Start of Available data

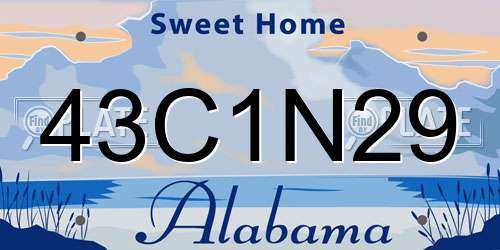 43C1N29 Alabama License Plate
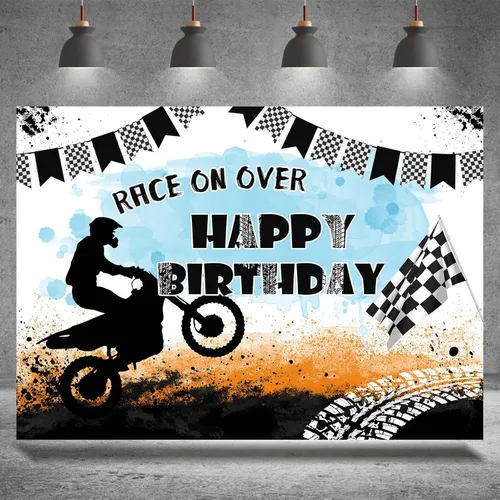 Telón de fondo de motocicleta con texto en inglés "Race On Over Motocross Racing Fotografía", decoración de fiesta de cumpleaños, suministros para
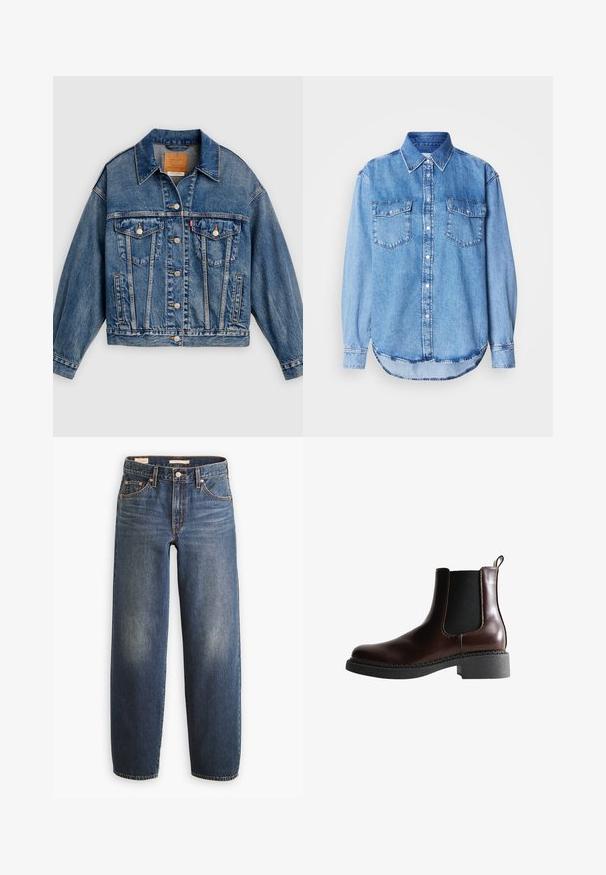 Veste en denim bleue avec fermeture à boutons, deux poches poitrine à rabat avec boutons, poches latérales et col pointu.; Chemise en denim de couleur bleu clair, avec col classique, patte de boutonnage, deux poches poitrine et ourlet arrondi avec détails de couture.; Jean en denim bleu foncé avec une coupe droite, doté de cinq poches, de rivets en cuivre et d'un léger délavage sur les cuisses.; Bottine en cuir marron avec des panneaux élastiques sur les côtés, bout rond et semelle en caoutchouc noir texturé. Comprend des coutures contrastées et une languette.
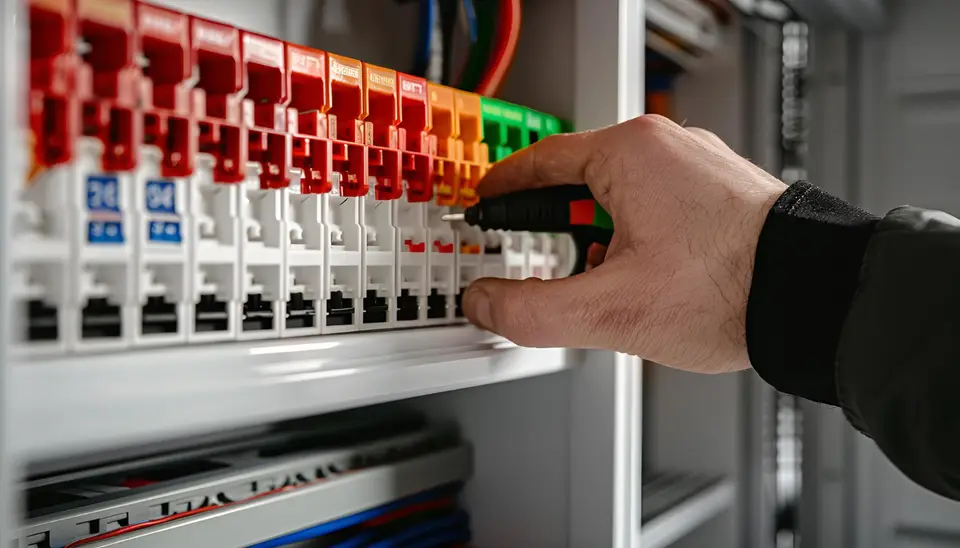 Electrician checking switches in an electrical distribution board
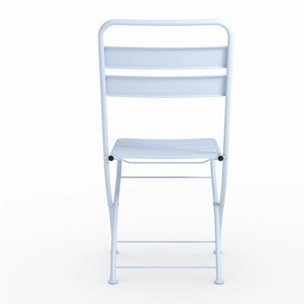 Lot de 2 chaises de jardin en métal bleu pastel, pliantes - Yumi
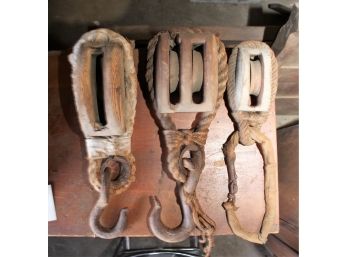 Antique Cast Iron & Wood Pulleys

End of Available data

• Your instructions
Set down the entries above exactly; no pictures belong in the copy.

• Your solution
 43C1N29 Alabama License Plate
 Telón de fondo de motocicleta con texto en inglés "Race On Over Motocross Racing Fotografía", decoración de fiesta de cumpleaños, suministros para
 Veste en denim bleue avec fermeture à boutons, deux poches poitrine à rabat avec boutons, poches latérales et col pointu.; Chemise en denim de couleur bleu clair, avec col classique, patte de boutonnage, deux poches poitrine et ourlet arrondi avec détails de couture.; Jean en denim bleu foncé avec une coupe droite, doté de cinq poches, de rivets en cuivre et d'un léger délavage sur les cuisses.; Bottine en cuir marron avec des panneaux élastiques sur les côtés, bout rond et semelle en caoutchouc noir texturé. Comprend des coutures contrastées et une languette.
 Electrician checking switches in an electrical distribution board
 Lot de 2 chaises de jardin en métal bleu pastel, pliantes - Yumi
 Antique Cast Iron & Wood Pulleys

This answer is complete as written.